I couldn’t believe it seriously! But, well, yes, no one can blame him. First James left and now me! Finally I had managed to stop my tears. Many students were coming to console me. Some of them included people like Rachel too. But just by looking at her face, I could tell she was happy. I don’t care anyways!

Soon, some of the teachers were informed by my classmates that I was leaving. Katie did her best to console me. Hannah, Emily, Esme, Olivia, ruby and Amelia spent their recess with me.

During our biology period, Alfy told me “you know what? Actually many people are pretending that they care about you leaving. I heard Nick and Dan in the boys’ restroom. They are quite happy. Nick can top the class always, right? And some of the girls like Rachel are happy too, and some others don’t even care.”

I don’t know why this always happens to me! What did I do to Nick and Dan? Why was everyone happy about me leaving?

Alfy was quite sad, and so was his best friend Oliver. Emily had heard Oliver telling someone that he felt sorry for me and I was such a great friend to him. I didn’t concentrate on any of the lessons. I occasionally looked at most of my best friends’ faces for… maybe, the last time.

Jordan, Jayden and Josh came to me during the evening recess.

“Tell me you were just kidding! I know you were!! Please, tell me!” Jordan said.

“Yeah please, we don’t want you to go. Weren’t you just kidding?” asked his twin, Jayden.
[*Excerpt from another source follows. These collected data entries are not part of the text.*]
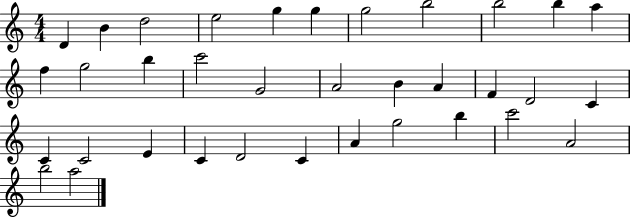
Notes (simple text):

D4/q B4/q D5/h E5/h G5/q G5/q G5/h B5/h B5/h B5/q A5/q F5/q G5/h B5/q C6/h G4/h A4/h B4/q A4/q F4/q D4/h C4/q C4/q C4/h E4/q C4/q D4/h C4/q A4/q G5/h B5/q C6/h A4/h B5/h A5/h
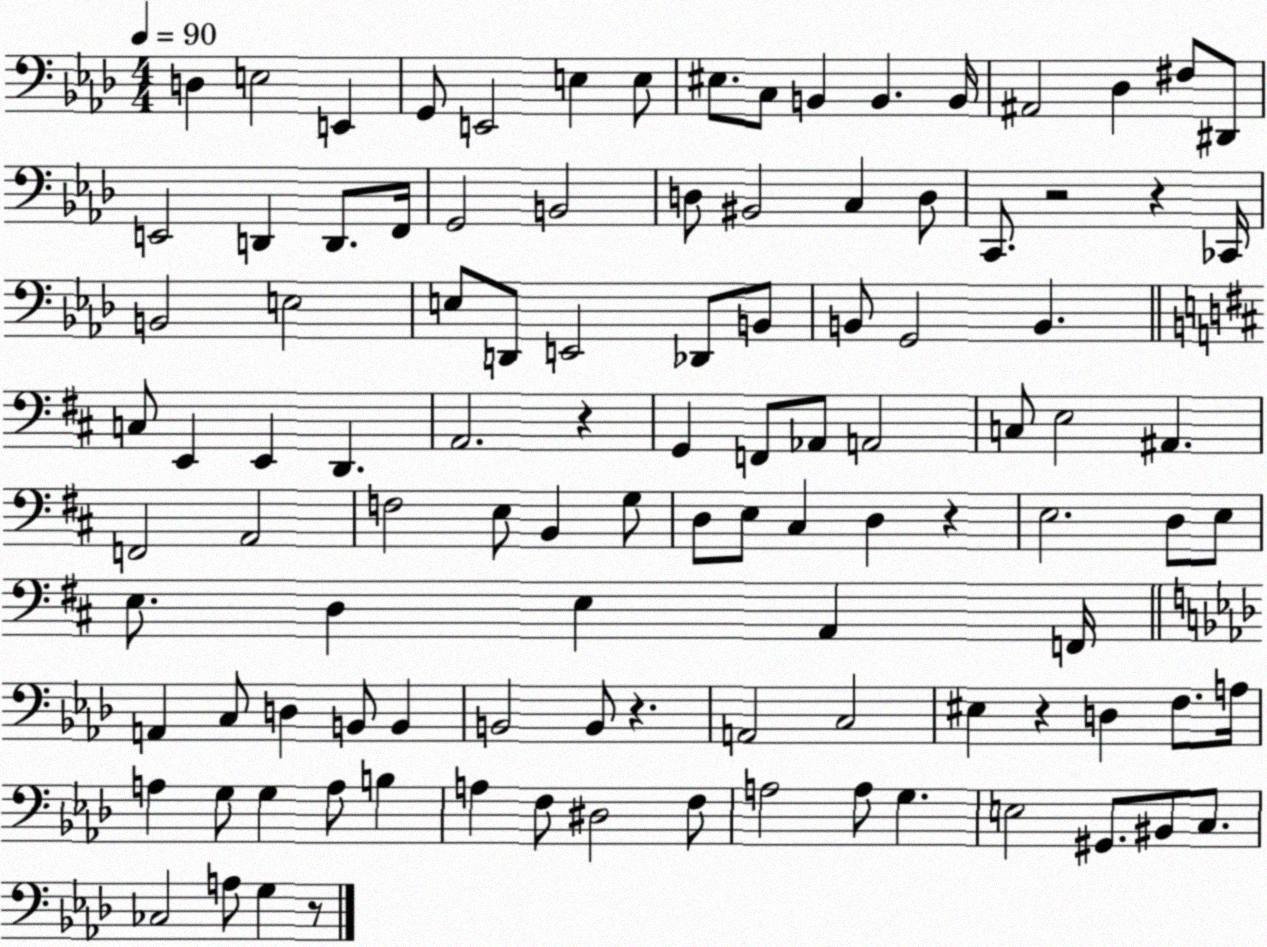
X:1
T:Untitled
M:4/4
L:1/4
K:Ab
D, E,2 E,, G,,/2 E,,2 E, E,/2 ^E,/2 C,/2 B,, B,, B,,/4 ^A,,2 _D, ^F,/2 ^D,,/2 E,,2 D,, D,,/2 F,,/4 G,,2 B,,2 D,/2 ^B,,2 C, D,/2 C,,/2 z2 z _C,,/4 B,,2 E,2 E,/2 D,,/2 E,,2 _D,,/2 B,,/2 B,,/2 G,,2 B,, C,/2 E,, E,, D,, A,,2 z G,, F,,/2 _A,,/2 A,,2 C,/2 E,2 ^A,, F,,2 A,,2 F,2 E,/2 B,, G,/2 D,/2 E,/2 ^C, D, z E,2 D,/2 E,/2 E,/2 D, E, A,, F,,/4 A,, C,/2 D, B,,/2 B,, B,,2 B,,/2 z A,,2 C,2 ^E, z D, F,/2 A,/4 A, G,/2 G, A,/2 B, A, F,/2 ^D,2 F,/2 A,2 A,/2 G, E,2 ^G,,/2 ^B,,/2 C,/2 _C,2 A,/2 G, z/2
  “Well, I actually wasn’t. I really am leaving.” I said, not looking at their faces.

“Which school are you going to?” Josh asked me.

“Hope green,” I said, looking up at him. He didn’t seem quite pleased. This lifted my spirits up.
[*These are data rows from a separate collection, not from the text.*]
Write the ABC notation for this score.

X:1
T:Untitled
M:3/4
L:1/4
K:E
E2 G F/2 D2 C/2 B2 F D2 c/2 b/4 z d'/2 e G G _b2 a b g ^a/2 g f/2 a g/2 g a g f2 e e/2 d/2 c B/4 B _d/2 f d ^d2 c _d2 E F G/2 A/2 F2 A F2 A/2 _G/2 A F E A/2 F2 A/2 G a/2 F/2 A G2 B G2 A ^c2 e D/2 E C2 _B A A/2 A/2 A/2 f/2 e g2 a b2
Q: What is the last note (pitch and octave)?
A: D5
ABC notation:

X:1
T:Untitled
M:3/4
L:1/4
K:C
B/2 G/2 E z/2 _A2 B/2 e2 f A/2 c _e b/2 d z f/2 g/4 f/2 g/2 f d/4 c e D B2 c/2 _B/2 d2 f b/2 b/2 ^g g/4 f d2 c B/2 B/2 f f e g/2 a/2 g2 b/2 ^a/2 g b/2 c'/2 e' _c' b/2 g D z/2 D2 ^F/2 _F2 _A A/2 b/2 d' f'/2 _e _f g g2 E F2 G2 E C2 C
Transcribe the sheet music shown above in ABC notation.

“Why do you have to go?” he asked.

“I dunno,” I shrugged, “my parents want me to go.”

Before any of them could say anything, the bell rang and our recess came to an end.

In the evening, while going back home, I bid a farewell to all my friends.

“Cya Jue,” Jayden yelled.

“Take care JD” Jordan waved.

“I’m gonna miss you Julie.” Josh said. He was gonna miss me? Seriously!? Certainly not more than how much I’m going to miss him.
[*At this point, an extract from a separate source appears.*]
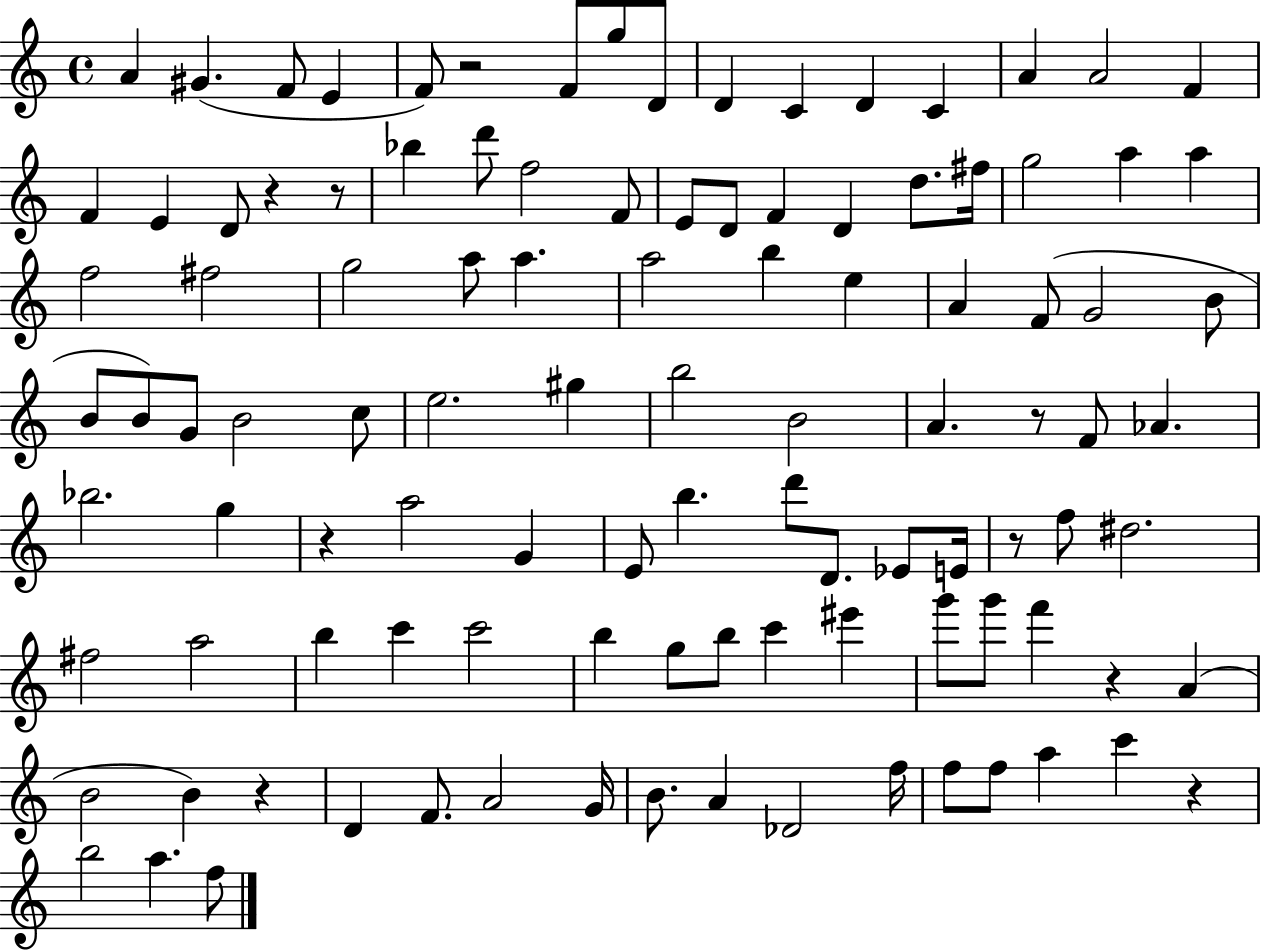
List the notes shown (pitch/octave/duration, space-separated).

A4/q G#4/q. F4/e E4/q F4/e R/h F4/e G5/e D4/e D4/q C4/q D4/q C4/q A4/q A4/h F4/q F4/q E4/q D4/e R/q R/e Bb5/q D6/e F5/h F4/e E4/e D4/e F4/q D4/q D5/e. F#5/s G5/h A5/q A5/q F5/h F#5/h G5/h A5/e A5/q. A5/h B5/q E5/q A4/q F4/e G4/h B4/e B4/e B4/e G4/e B4/h C5/e E5/h. G#5/q B5/h B4/h A4/q. R/e F4/e Ab4/q. Bb5/h. G5/q R/q A5/h G4/q E4/e B5/q. D6/e D4/e. Eb4/e E4/s R/e F5/e D#5/h. F#5/h A5/h B5/q C6/q C6/h B5/q G5/e B5/e C6/q EIS6/q G6/e G6/e F6/q R/q A4/q B4/h B4/q R/q D4/q F4/e. A4/h G4/s B4/e. A4/q Db4/h F5/s F5/e F5/e A5/q C6/q R/q B5/h A5/q. F5/e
“Me too,” I said, Waving at all of them.

Dan and Nick didn’t even mind me. Summer Hilton, who once used to be my best friend (before the big fight we had), was quite happy, though we’d made up at the starting of this year.  Rachel’s pleasure was evident on her face.

But I don’t care! All the people that matter to me are sad that I’m leaving. On the way back I saw Mike and bade him farewell.

I went to my parents’ work-place with my driver. My dad’s room had been changed and my mom hadn’t gone for work today. So I went to Mrs. Samuels’ room. She was my best friend, Aaron’s mom.  Aaron’s a year younger than me and we’ve been friends since the time we were in cradles.

I knocked on the door. “Come in,” I heard Mrs. Samuels' voice.

“Hi Julie,” she said, when she saw me.

“Hello Mrs. Samuels,” I greeted her.

“Sit down, your dad will be here soon,” she said.

 “Thank you, Mrs. Samuels,” I said, sitting down on a chair.

“You don’t seem happy. Is anything wrong dear?” she asked.

“Nothing much, thank you, it’s just because, well, I’m gonna miss my friends.”

“Well, I was actually about to talk about it. When are you starting at hope green then?”

“Tomorrow,” I said in mock-agitation, (I wasn’t agitated, I was just sad,).

“All the best,” she laughed, “so – told your friends about it?”

“Well, yes,” I said her about how some people were happy and some were sad and about how Nick was overheard by Alfy.

She started laughing! I couldn’t see what was funny about anything I said!

“Oye silly, you’re going to continue at Highcliff. Your dad decided that your feelings are most important and he cancelled your admission.” She said, still laughing.

I was going to Highcliff!!?? Highcliff Public School??? My beloved school? I’m not going away from my friends?? What could be better other than this news?

When my dad came, I hugged him. I’ve promised him to do really well In my exams and repay him. I just couldn’t express my gratitude in words!

The only thing that made me sad today was Jason not being online. Everything else was just brilliant!